2-Be sensitive. The tragedy that others face is real, even if it seems distant from us. This is where I’ve seen social media be used for good and bad. Last night as news was spreading, I politely asked you not to post, but I feel I must explain why. I asked that first because news was still not complete. There was important information that had not yet been shared that needed to be handled very delicately. Secondly there are many individuals involved, not just a few. There are entire families that need to be considered, and social media is vastly uncontrollable and ripe to be abused. The issue is to be very sensitive. Are my actions going to help, or could they hurt?
3- Be prayerful. This might seemingly need to go without saying, but it needs to be said. I’ve found out that we tend to say “prayers going up” without following through. Pray first, announce it last (or not at all). But what do we pray for? We pray for God’s comfort, His presence and His mercy for all involved.
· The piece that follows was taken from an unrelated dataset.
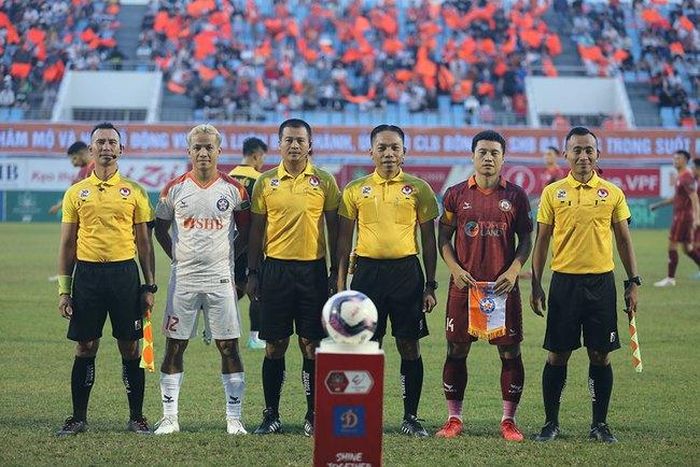 Còi vàng Việt Nam 2022 Nguyễn Đình Thái (thứ 3 từ trái sang). ảnh VPF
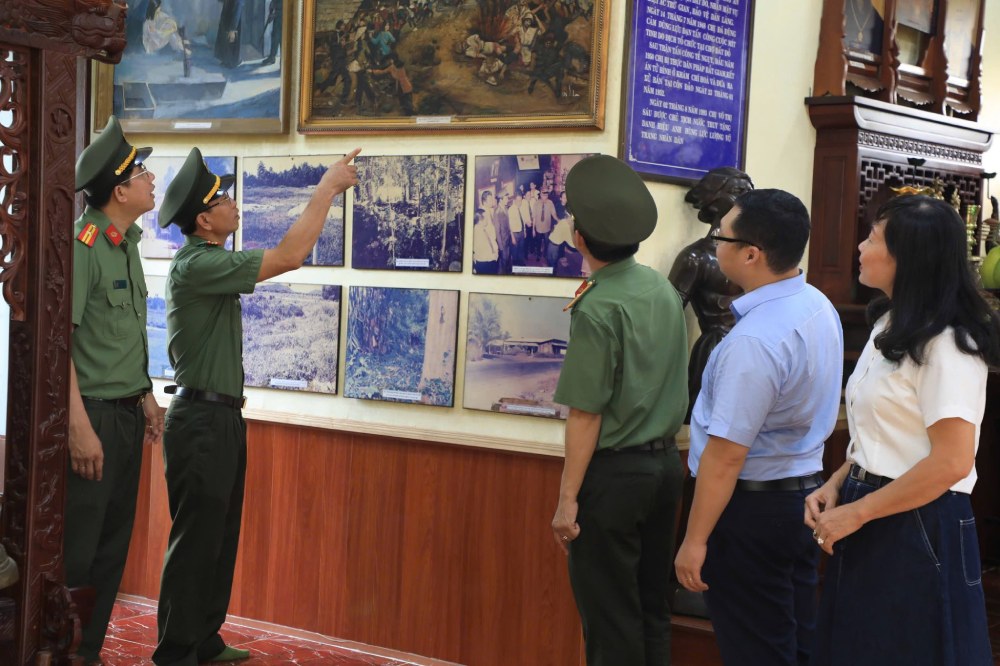 La delegation du syndicat de police de Ho-Chi-Minh-Ville vient d'organiser la distribution de fleurs et de bougies en memoire des heros martyrs et des heros des forces armees populaires Vo Thi Sau. Photo : Quang Huy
We pray that God would show us how to pray for the situation, and then we pray, and we pray hard and often.
4- Be silent. This is the most important action, so please pay attention. I am pursuing (although I’m currently on a sabbatical) a Masters in Apologetics. The point of that degree is to study how to give a firm explanation and defense of what Christianity teaches. It is meant to equip me to give good answers to hard questions. So know that my first desire in every situation is to be helpful in giving out biblical counsel. However there are times that suffering and evil defy any and every explanation. Think about the second scenario I gave, someone loses their life with no malicious cause. What is there you or I can say that will help? Nothing at all. The problem is within us. We feel as though we need to say something to comfort or soothe. and there is nothing to be said. It is at times like these we are in danger of saying the most unbiblical and most unhelpful things. Pray as I and one my deacons did last night, “God shut my mouth unless YOU have something to say”. More than likely, saying nothing is better than saying something.
Don’t say things like
“It’s all in God’s plan” (unless you alone in the universe know what that plan is)
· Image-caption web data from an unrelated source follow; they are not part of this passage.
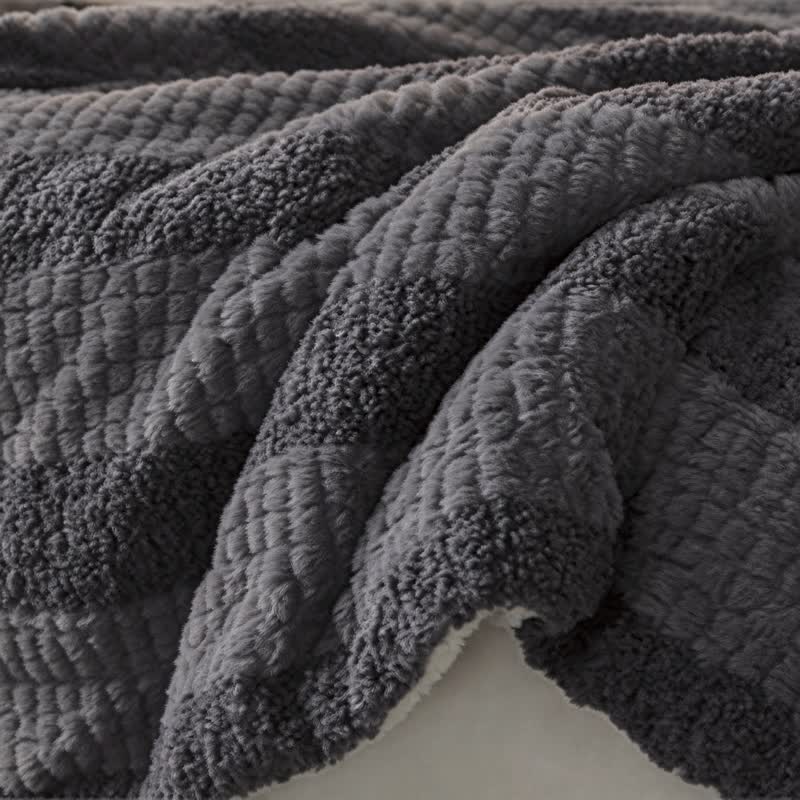 Sherpa-Decke mit neutralen Farbblöcken und Streifenmuster - image 36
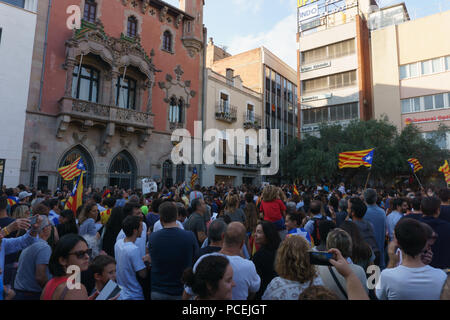 Granollers, Katalonien, Spanien, 3. Oktober 2017: ruhigen Menschen aus Protest gegen die spanische Polizei Intervention am 1. Oktober in Katalonien Referendum. Stockfoto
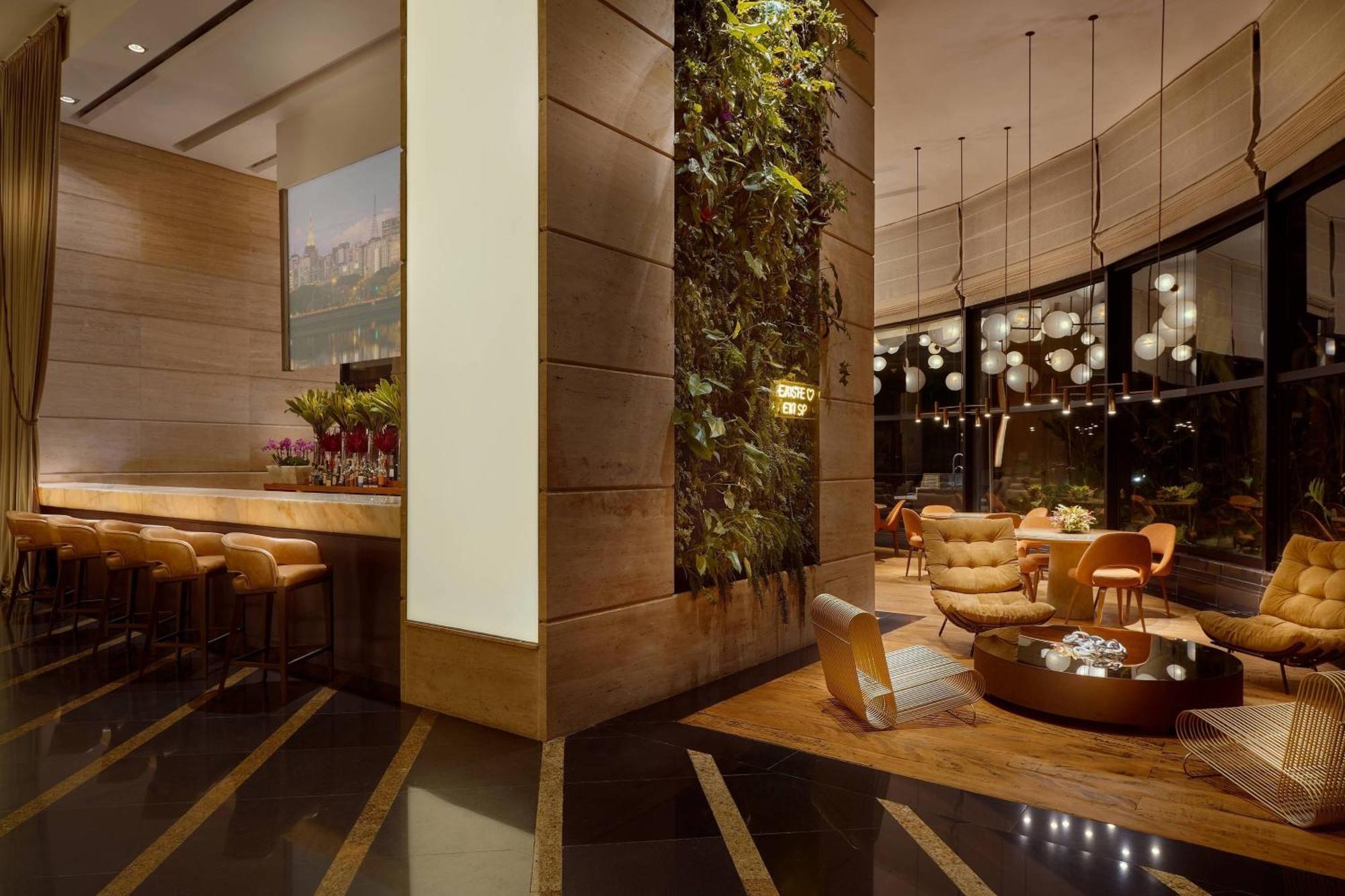 Renaissance Sao Paulo Hotel Luaran gambar The lounge at the airport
“Everything happens for a reason” (really, please don’t ever say this to anyone, ever)
“This was the Lord’s will” (again, unless you feel you are privy to God’s mind)
“One day, God will show you why” (never promised to anyone by God, anywhere)
5-We love. The greatest act against suffering is to show love. We show love by our presence (being there). We show love by continually reaching out. We show love by acts of love. Love is the greatest antidote to evil
6-We remember. We always keep in mind that this world is not even close to the way God created it. We tend to have this Thomas Kinkade view of the world, that all is beautiful and magnificent and as it should be, perfect. However, we quickly find that it isn’t. A lot has happened between Genesis 1-2 and Job 14. But the good news is that Christ is going to one day return, and when He does He is going to redeem this world. Every act of evil and suffering will be dealt with, God will right every wrong, and heal every hurt for those who believe. God will reset the created order and for eternity, suffering will be no more.
CS Lewis masterfully put it this way in a quote from God in the Dock
Imagine a set of people all living in the same building. Half of them think it is a hotel, the other half think it is a prison. Those who think it a hotel might regard it as quite intolerable, and those who thought it was a prison might decide that it was really surprisingly comfortable.